Как легко заметить, тема, во-первых, на редкость востребованная массовым читателем (издают-то все сплошь крупные издательства да большими тиражами), во-вторых, нарастающая в своей настойчивости.
Складывается впечатление, что мир (ну, скажем, — та его часть, что говорит и думает по-русски) просто бредит своим крушением, проговариванием его вариантов. Крушением даже не грядущим — а совсем уже близким: всмотритесь в датировки событий у Горалик (самое начало 2020-х), в приметы застигнутого Ночью мира у Мартиновича — это вообще уже почти сейчас. Мир строит испытательные полигоны для своей травмированности, потерянности, сиротства. Эта тема все увереннее и настойчивее пробивается из фэнтези и хоррора в литературу высокую, с тонкой психологией, изысканной эстетикой, сложной антропологией (как у Горалик) и метафизикой (а то и с мистикой, как у Мартиновича), со сложноустроенными культурными аллюзиями (как, например, у того же Мартиновича, да, пожалуй, и у Веркина). Налицо ее стремление работать со всей, в пределе, культурной памятью в целом — использовать ее ресурсы для понимания и заранее присвоения новой, пока еще только воображаемой ситуации.
Есть все основания предполагать, что у культуры отрастает и крепнет некоторая самостоятельная ветвь с обильными плодами.
(Заметим при этом, что природа Катастрофы, после которой мир приходится заново осваивать, не всегда ясна, это совсем не обязательно ядерная война, — а иногда даже и неинтересна. Важны две вещи: что прежнего больше не будет и главное, главное — что делать дальше.)
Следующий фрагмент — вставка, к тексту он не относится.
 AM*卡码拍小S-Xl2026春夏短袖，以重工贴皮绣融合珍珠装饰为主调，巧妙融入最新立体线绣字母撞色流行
Когда лет десять назад Дмитрий Глуховский издал свое «Метро» о посткатастрофическом мире, оно произвело на современников такое сильное впечатление, что породило множество и подражаний, и продолжений, и компьютерных игр, фанатских сообществ и бог знает чего еще — совершенно независимо от своих литературных достоинств, которых у этого произведения, строго говоря, было немного. Зато был детально продуманный мир, буквально нанесенный на карту — со своим бытом и нравами, фольклором, предметной средой, повседневными практиками вплоть до кулинарии… Грубо говоря, все это можно было примерить на себя. И кроме того — роман Глуховского (не уверена, что он был единственный такой, но) стоял тогда особняком. В последние годы путеводители по миру-после-конца посыпались как из рога изобилия и явно независимо друг от друга.
Впору говорить не только о сгущении посткатастрофического, но и о его рутинизации.
Перед нами явно — настойчивые попытки подготовиться к тому, к чему подготовиться, вообще-то, нельзя. Обжить необживаемое. Рутинизировать чрезвычайное. Овладеть неовладеваемым. Помыслить немыслимое. Чтобы не было так страшно.
Все это дает нам материал для размышлений — нет, не для представлений о возможном Конце и о том, что после него, хотя и об этом тоже, но не в первую очередь, — но о том, как устроены и работают защитные механизмы культуры, к которым, несомненно, вся эта «посткатастрофика» должна быть отнесена.